A Progressive Surtax On Canadian Real Estate
A progressive (and deferrable) tax for housing is like income taxes, but with property. The higher the value of the home, the higher the rate of taxes are paid on the additional value. The idea is to add friction to growth, or have society share the wealth created. In this case, they’re suggesting the surtax applies to the home value over $1 million. Don’t have a $1 million home? Then you don’t pay a surtax.
Not clear? Let’s work through a quick example from the organization. In one scenario, they use a surtax of 0.2% on values from $1 to $1.5 million, 0.5% for $1.5 to $2 million, and 1.0% above $2 million. Remember, this is an example. The actual rate would require various impact models from the government first.

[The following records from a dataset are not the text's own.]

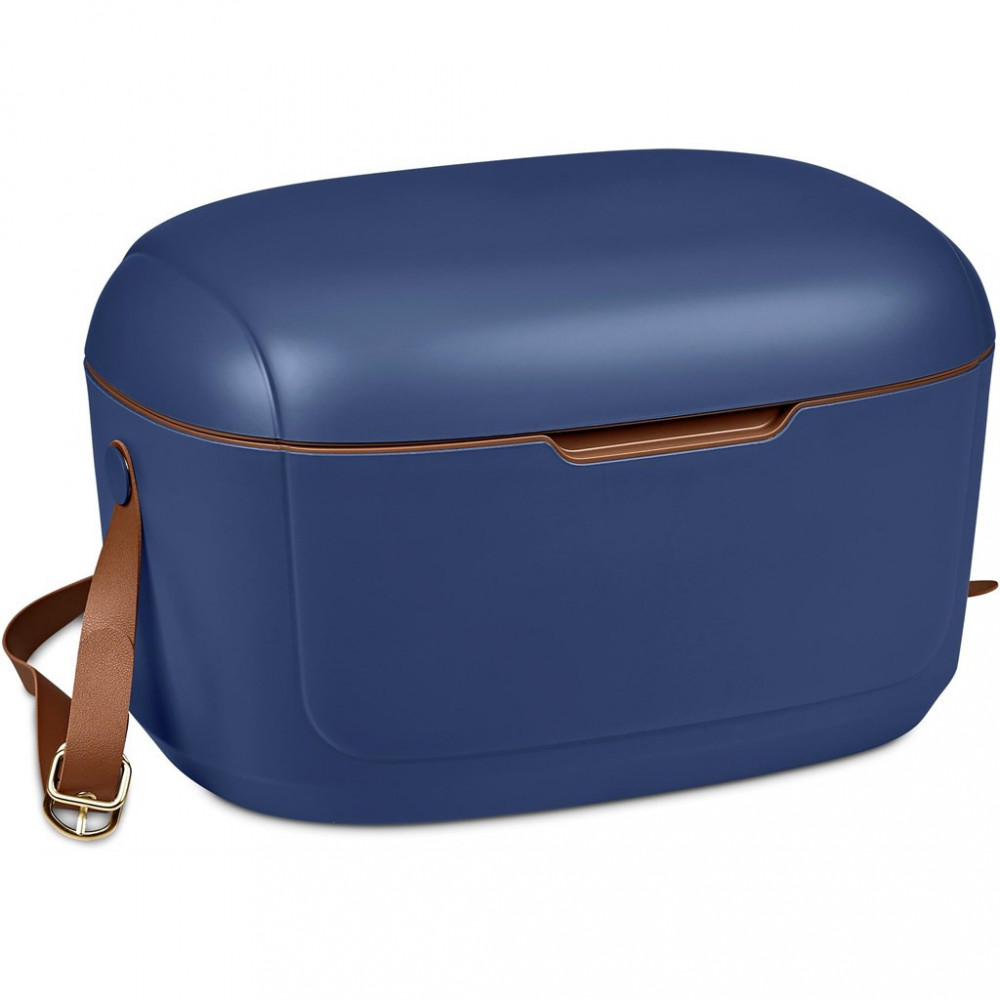 Serendipio Marina 12-Litre Cooler Box - Navy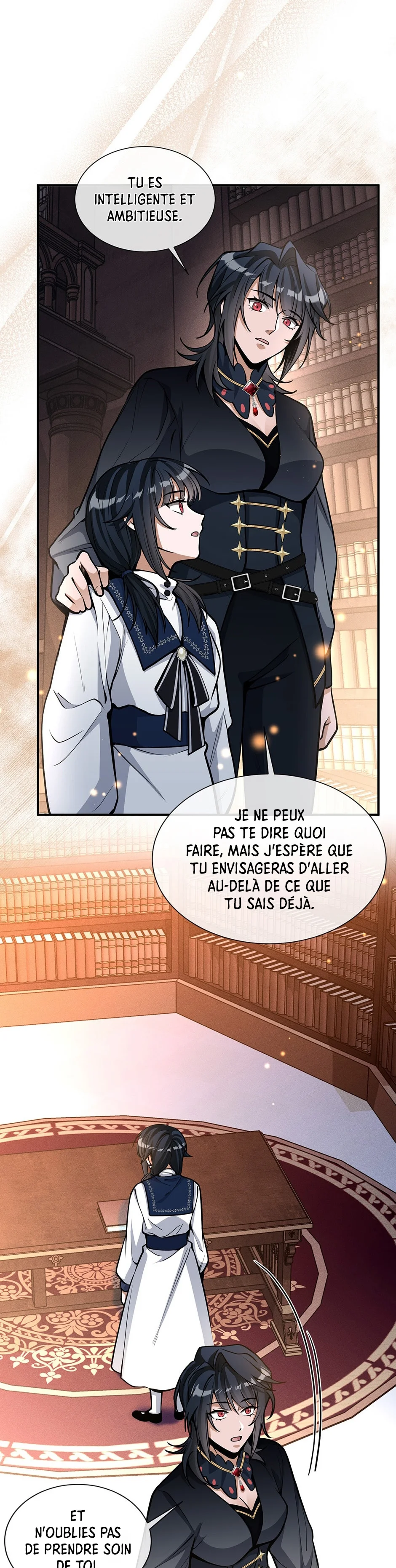The Beginning After the End Chapitre 175.65 - Page 15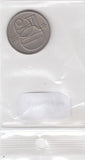S19-EU1-0324 Czechoslovakia 50 haleru 1979   KM89 VF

Using this example, a homeowner with a $1.2 million home would only pay a surtax on the top $200,000. At the 0.2% rate, that works out to $400 for that year. Pretty easy, right?
Progressive tax rates are lost on some people, though. Let’s do a $2 million example. The first $1 million gets no surtax, just the last half. The first $500,000 above $1 million is taxed at 0.2% ($1,000), and the remaining $500,000 at 0.5% ($3,500). In this case, the owner would owe $3,500 on the surtax. It gets more steep as the home gets more expensive.
The Surtax Is Just A Progressive Property Tax
The home equity surtax is just a progressive property tax, and acts that way. Think of property taxes like inflation. When inflation is too low, there’s little incentive to keep money flowing. As a result, this can create capital hoarding and inefficiency. If inflation is too high, it devalues money too fast, leading to a different kind of inefficiency. But when inflation is just right, it keeps capital moving at a fair rate without big penalties.
Municipalities should be tying carrying costs with incomes. That’s the goal of the surtax, or higher property taxes. If home prices become too cost-prohibitive to own, people no longer buy them. As a result, home prices slow in growth as more productive areas of the economy become more attractive to invest in.
Taxing housing too low can mean high home prices that absorb all investment capital. Take Vancouver for example. The City is one of the most expensive in the world, and happens to have one of the lowest tax rates. A million dollar home pays about $2,920 in taxes in the City of Vancouver. Compare that to Austin, a similar-sized city to Vancouver with a bigger GDP. A $150,000 home in Austin has a property tax bill of $3,415 per year. Obviously people find it more palatable to see home prices rise in Vancouver than Austin.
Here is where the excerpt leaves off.